● EXTRACTED ENTRIES:

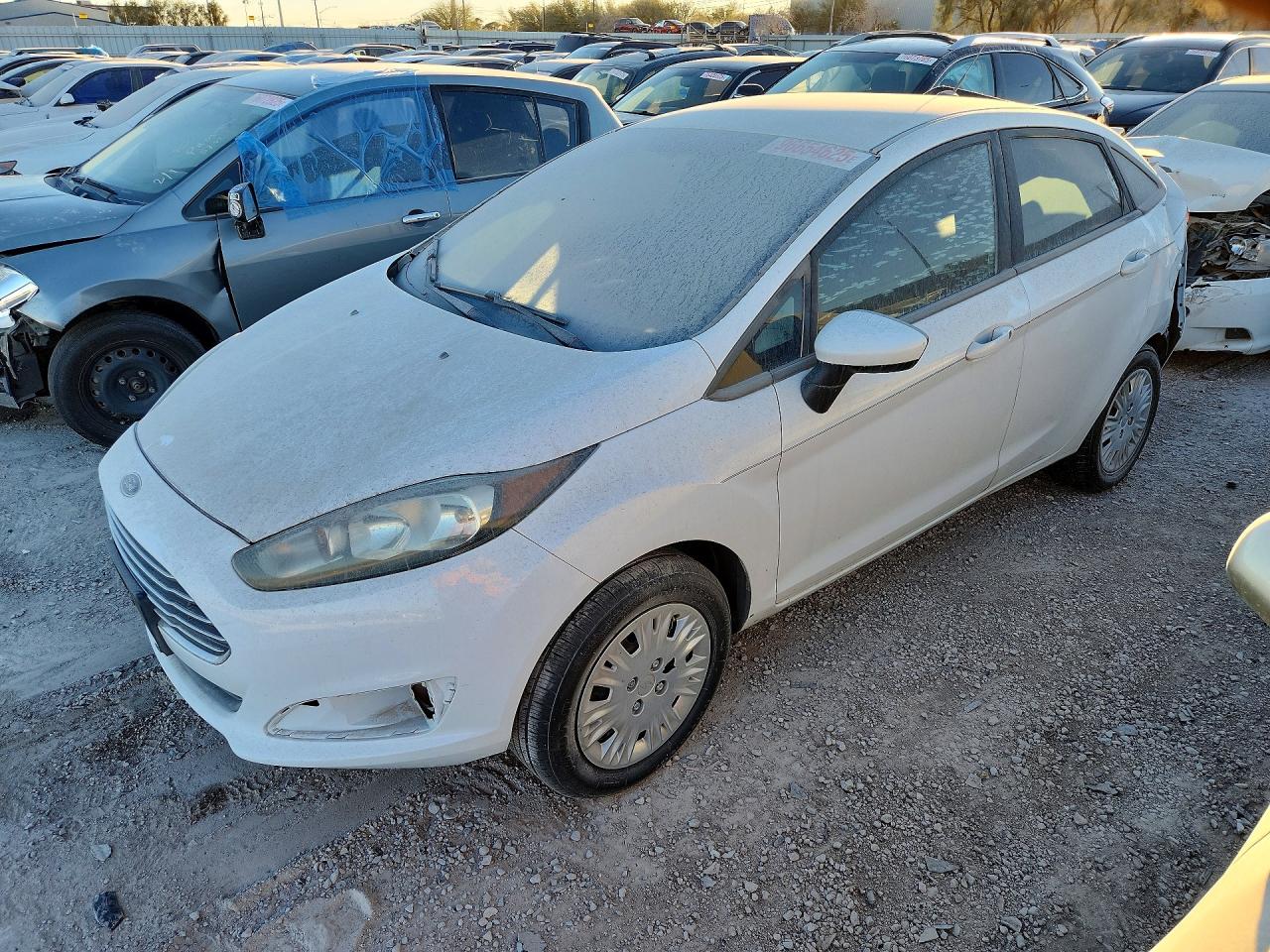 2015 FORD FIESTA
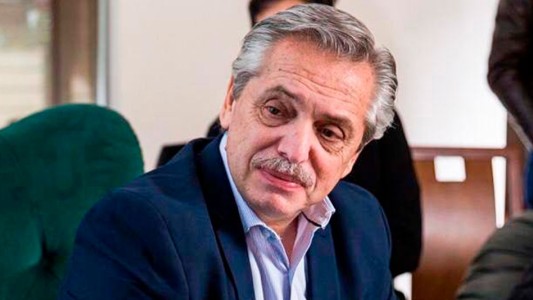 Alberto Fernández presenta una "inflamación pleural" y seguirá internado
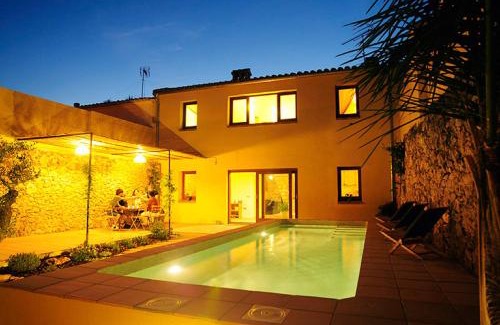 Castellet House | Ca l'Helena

--

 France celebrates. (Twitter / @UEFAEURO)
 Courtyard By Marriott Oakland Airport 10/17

● TASK DETAILS:
The line holding "2015 FORD FIESTA" starts the copy and the line holding "Castellet House | Ca l'Helena" ends it. Repeat those two lines above and all between them exactly, leaving out pictures.

● ANSWER FOR THE TASK:
 2015 FORD FIESTA
 Alberto Fernández presenta una "inflamación pleural" y seguirá internado
 Castellet House | Ca l'Helena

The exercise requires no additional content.